In the summer of 2024, during a campaign stop in West Palm Beach, Florida, Trump addressed his ‘beautiful’ Christians. He assured them that he too was a Christian and, in a tone of tender solicitude, urged them to "Get out and vote! Just this time. You won't have to do it anymore! Four more years, you know what? It'll be fixed, it'll be fine, you won't have to vote anymore."
It was a sibylline utterance. Did he mean the audience would have everything they wanted by then? Or was he making a veiled promise that he would terminate democracy once and for all?
There were so many uncanny moments in that campaign that it was hard to keep up. That same month, Trump disavowed any knowledge of Project 2025. When he alluded to this bulky blueprint for his second term in the White House, which runs into over 900 pages, it was to dismiss it as ‘seriously extreme’: “Like some on the right, severe right, came up with this Project 25,” he said. “They’re sort of the opposite of the radical left.”
When Kevin Roberts, one of the Project’s authors at the Heritage Foundation, completed a book called Dawn’s Early Light, he was similarly hesitant. The book was only published after Trump’s victory was assured. Even then, its subtitle would suffer an alteration in tone. ‘Burning Down Washington to Save America’ became ‘Taking Back Washington to Save America.’
It's just possible that the author compensates, habitually, for having a forgettable name. He certainly isn’t the most talked-about influence on this new administration. So, although the subtitle had to be toned down somewhat, Roberts did nothing about the fiery language between the covers. There, he dismisses a whole range of institutions as ‘decadent and rootless’ serving only as ‘a shelter for our corrupt elite,’ concluding that ‘For America to flourish again, they don’t need to be reformed; they need to be burned.’
The list includes every Ivy League university, the FBI, the New York Times, the National Institute of Allergy and Infectious Diseases, the Department of Education, BlackRock, the Chinese Communist Party, the Bill and Melinda Gates Foundation, the World Economic Forum and the Boy Scouts of America. To justify this conflagration, he quotes Gustav Mahler’s opinion that tradition is “the preservation of fire, not the worship of ashes.”
Back in October, Roberts’ choice of language was even criticised by the former director of Project 2025, Paul Dans. Roberts had made headlines when he told Dave Brat, a former Republican congressman who was presenting Steve Bannon’s podcast: “We are in the process of the second American Revolution, which will remain bloodless if the left allows it to be.”
Project 2025's Kevin Roberts finally said it. Either liberals allow the Christian nationalist coup of America, or there will be violence: "We are in the process of the second American Revolution, which will remain bloodless if the left allows it to be." pic.twitter.com/lZOc19WRp6
— Bill Madden (@maddenifico) July 3, 2024
Many took this as inflammatory and blamed it for Trump’s disavowals. “If we’re going to ask the left to tone it down,” Dans told the Washington Post, “we have to do our part as well. There’s no place for this sort of violent rhetoric and bellicose taunting, especially in light of the fact that President Trump has now been subject to not one but two assassination attempts.”

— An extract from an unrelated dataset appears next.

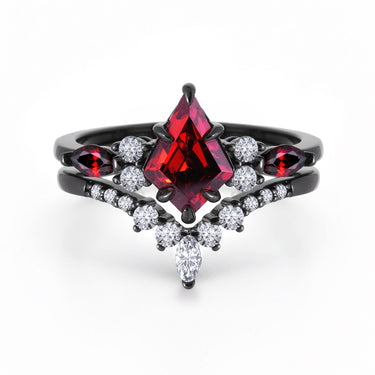 "Shadow Ember" – Kite-Cut Red Garnet & Diamond Accents Black Rhodium Sterling Silver Engagement Ring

Yet Roberts can’t help himself. He has referred to the old-fashioned ideologues of his own Heritage Foundation, back in the days when it powered Reagan’s policies, as ‘wax-museum conservatives’, claiming that their stale views are contributing to ‘the euthanasia of the nation.’ And then, of course, there’s the left.
In a National Conservatism (NatCon) event in London, he ranted: “The new left, greedy, elitist, woke and globalist, has foresworn every principle their ideological predecessors once espoused: democracy, equality, diversity, justice. It abhors religion, and Christianity especially, as well as the nation state, political accountability and even objective truth. Their goal is not to win political contests but to end them altogether—to sweep away dissent.”
The source of all this truculence is a religious vision of America. In yet another outburst of verbal pyrotechnics, he writes that institutions which are “contemptuous of public prayer” should probably “be burned down”.
What's behind this vehemence? Along with his Catholic faith, there is also his relationship with Opus Dei. This organisation has long been regarded by some people inside the Church as insufficiently transparent, even sinister. Outside the Church, Gareth Gore has accused it of a variety of crimes, including human trafficking and the grooming of minors.
In an interview, Gore was asked about its membership in the States: "Now, this is a Catholic organisation, so you would expect those members to be concentrated in cities with large Catholic populations...But the largest community of Opus Dei members is actually in Washington, DC, which I think tells you everything you need to know about the way the organisation operates and the type of people that it seeks to recruit. Eight hundred of the 3,000 Opus Dei members are in the DC area. That’s the result of decades of Opus Dei pumping its resources into penetrating the city. It’s always sought to infiltrate the corridors of power."
In a speech last September, Roberts acknowledged that he has visited the Catholic Information Centre—a K Street institution headed by an Opus Dei priest and incorporated by the archdiocese of Washington—on a weekly basis for mass and “formation”, or religious guidance.